Real Estate Industry News

Nichelle Monroe’s ties to Santa Monica run deep.

Her great-uncle is said to have been the first Black baby born there more than a century ago. Apartments and other buildings in the beachfront city were designed by her architect grandfather, Vernon Brunson.

Monroe remembers when her grandparents would drive her by the intersection of 20th Street and Michigan Avenue and point up an alleyway to where their duplex used to be.

In that spot today looms the 10 Freeway, which cut through Santa Monica’s Pico neighborhood as it was built to stretch to the Pacific. Monroe’s grandparents, along with about 600 other predominately Black families, lost their homes.

Advertisement

More than half a century later, Santa Monica is offering a chance for some of them to come back. Starting in January, the city will offer affordable housing to those forced out by freeway construction and those removed in the late 1950s when the city bulldozed another Black area, Belmar Triangle, to build the Santa Monica Civic Auditorium. Children and grandchildren of those who lost their homes also are eligible.

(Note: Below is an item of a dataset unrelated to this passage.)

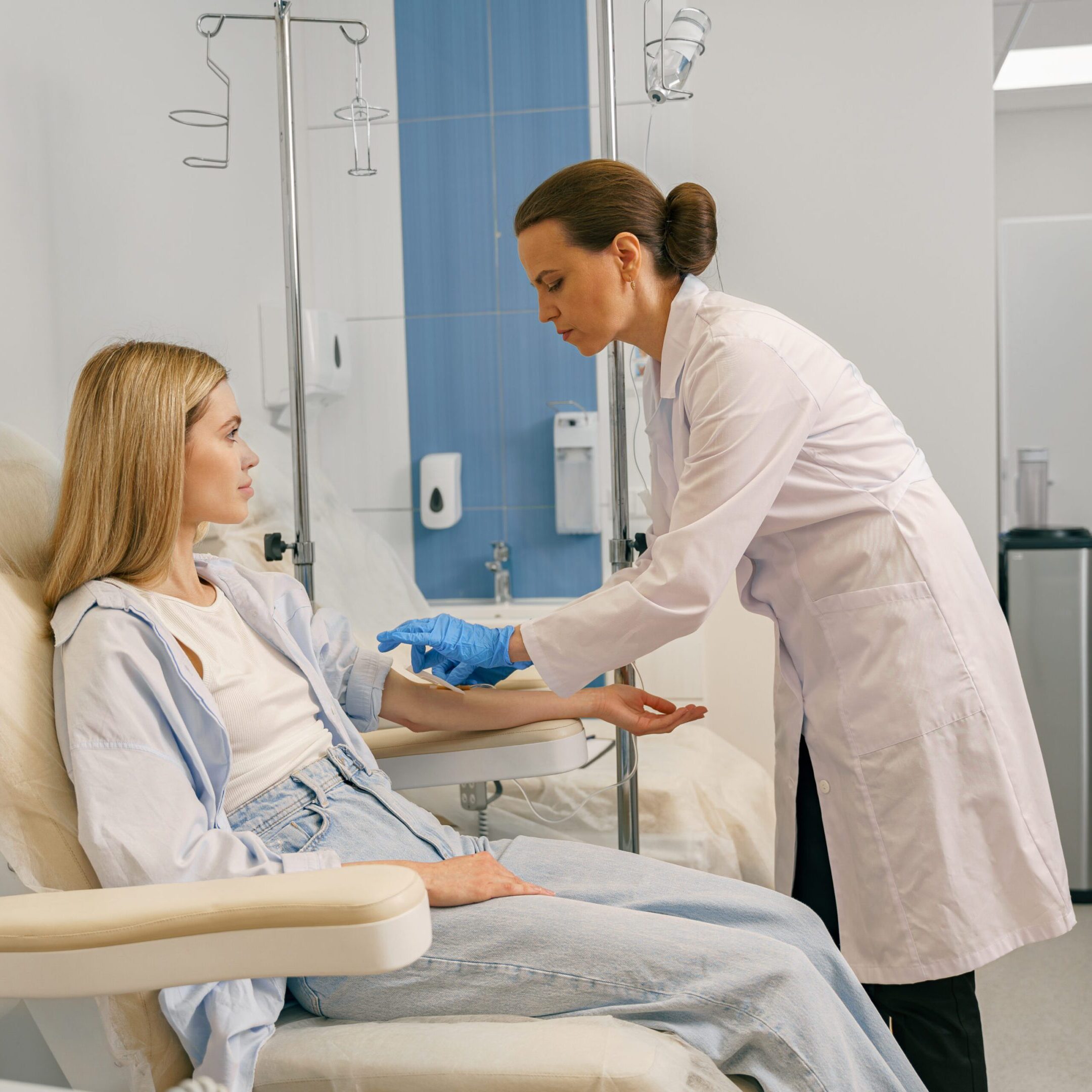 Professional doctor putting an IV drip to patient intravenously in hospital. High quality photo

Santa Monica’s act of civic penance is an attempt to recognize the harm done to largely Black communities during the post-World War II era of freeway building and urban renewal.

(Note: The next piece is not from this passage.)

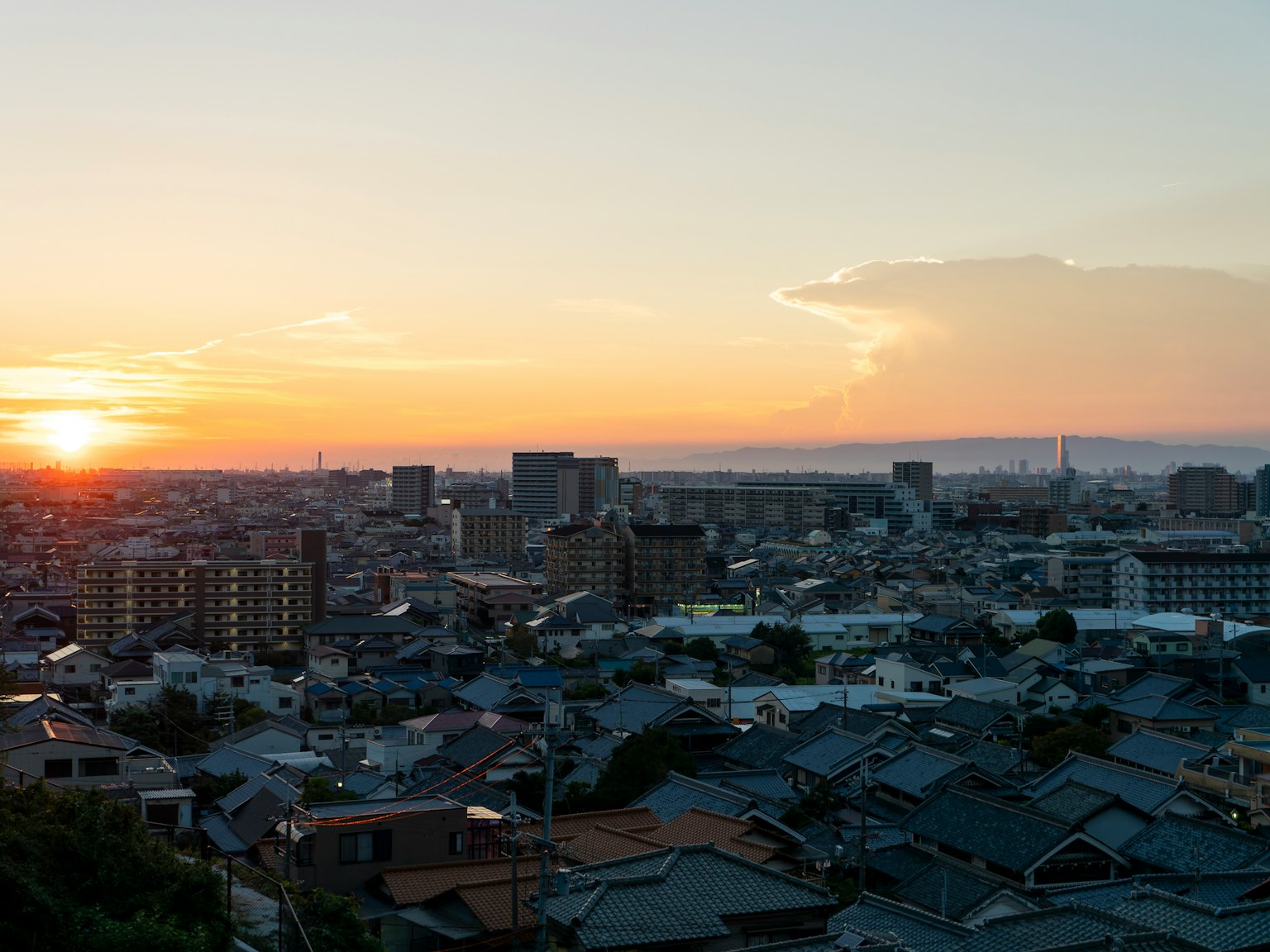 Stadtansicht bei Sonnenuntergang mit Dächern und Skyline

The program is part of a nationwide movement to compensate residents for racist harms related to housing and property. The efforts gained momentum after the murder of George Floyd in spring 2020.

In September, California Gov. Gavin Newsom signed a law that authorized the return of shorefront land known as Bruce’s Beach to the descendants of a Black couple who were run out of Manhattan Beach nearly a century ago.

Earlier this year, Evanston, Ill., became the nation’s first city to create an explicit reparations program, providing Black residents who faced housing discrimination through much of the 20th century or their descendants money for down payments or home repairs.

For Monroe, the building of the freeway left a family wound that has never fully healed.

“If you had something and you lost it due to eminent domain, due to racism, you’re thinking about it and it affects your every move thereafter,” said Monroe, who lives in a one-bedroom duplex in Alhambra. “It’s almost like PTSD. It affects how you think of yourself in society, what you believe is possible in that society.”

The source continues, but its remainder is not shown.